WORK INSTRUCTION> Extract the full listing verbatim and drop any pictures from your copy.

DATA TO EXAMINE>
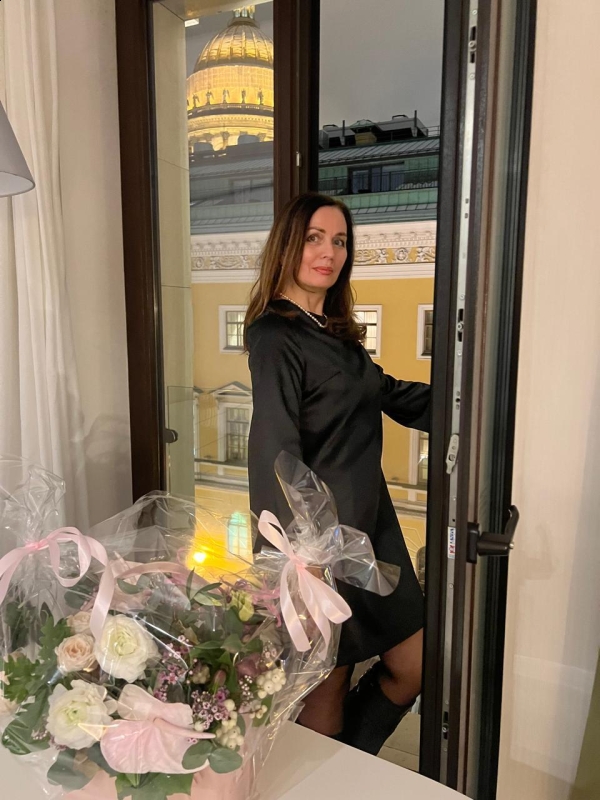 Photo de Irina (maintenant à Paris) / Réf. 91310 / Agence Amélie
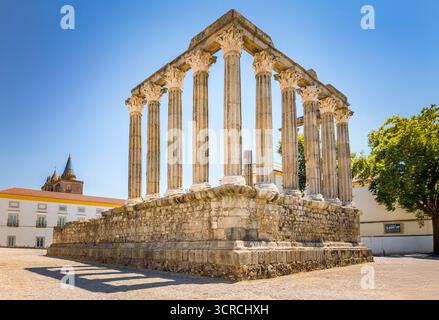 Tempio romano di Diana con colonne corinzie nella storica piazza di Évora, Portogallo Foto Stock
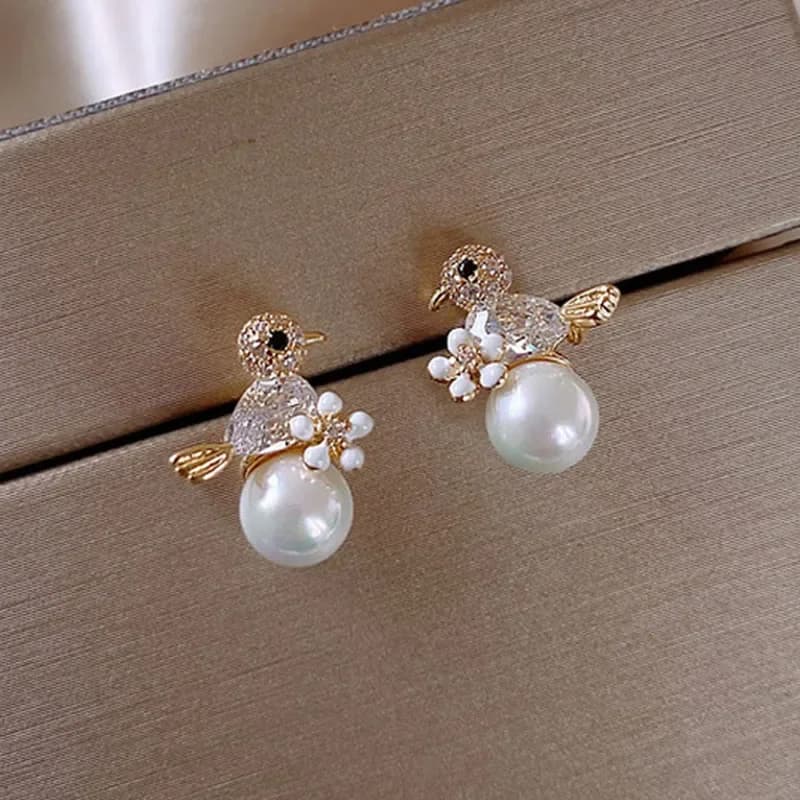 Nouvelles boucles d'oreilles clous mignonnes pour femmes, ornées de strass, motifs cheval, chaton, hibou, perle, bijoux de tempérament pour fêtes et fiançailles, cadeaux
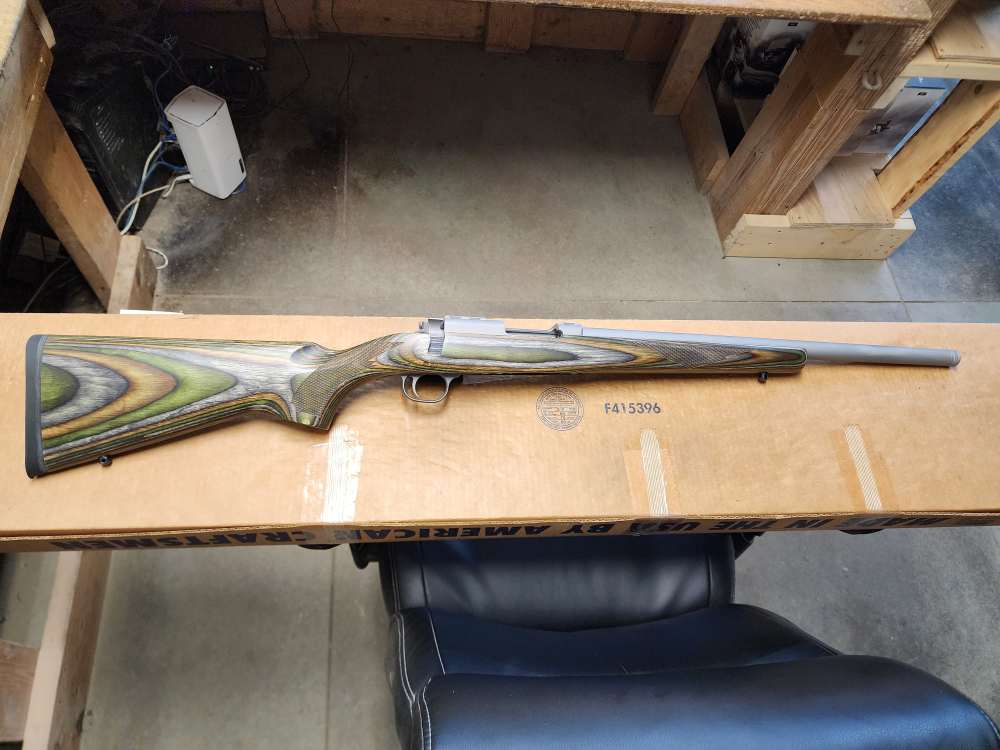 PICS! NEW RUGER M77/22 22 HORNET RIFLE 18.5 THREADED GREEN LAMINATE 77 NIB-img-3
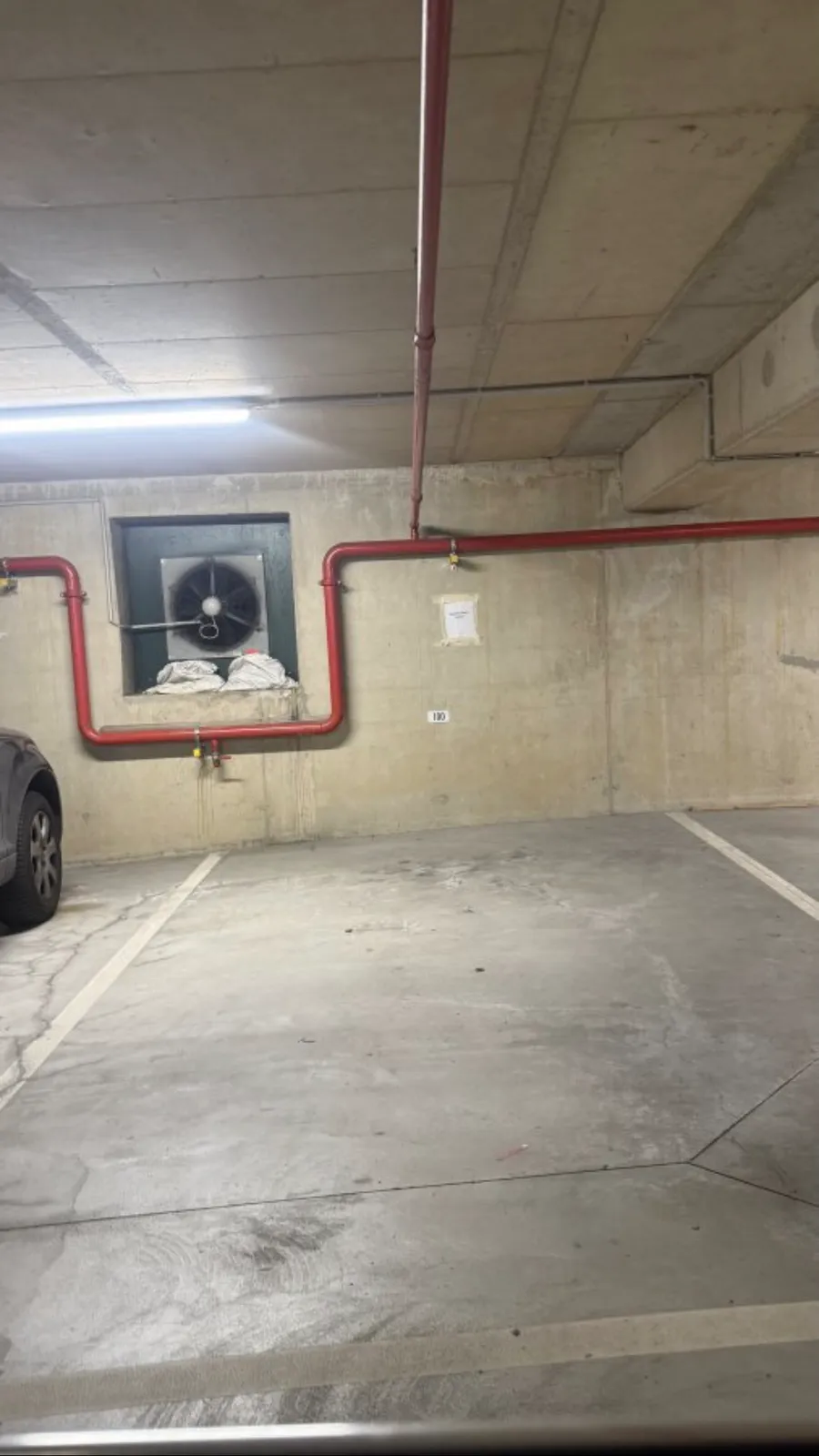 Outdoor Garage -  235 Val des Bons-Malades, 2121, Luxembourg-Kirchberg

ANSWER TO THIS EXERCISE>
 Photo de Irina (maintenant à Paris) / Réf. 91310 / Agence Amélie
 Tempio romano di Diana con colonne corinzie nella storica piazza di Évora, Portogallo Foto Stock
 Nouvelles boucles d'oreilles clous mignonnes pour femmes, ornées de strass, motifs cheval, chaton, hibou, perle, bijoux de tempérament pour fêtes et fiançailles, cadeaux
 PICS! NEW RUGER M77/22 22 HORNET RIFLE 18.5 THREADED GREEN LAMINATE 77 NIB-img-3
 Outdoor Garage -  235 Val des Bons-Malades, 2121, Luxembourg-Kirchberg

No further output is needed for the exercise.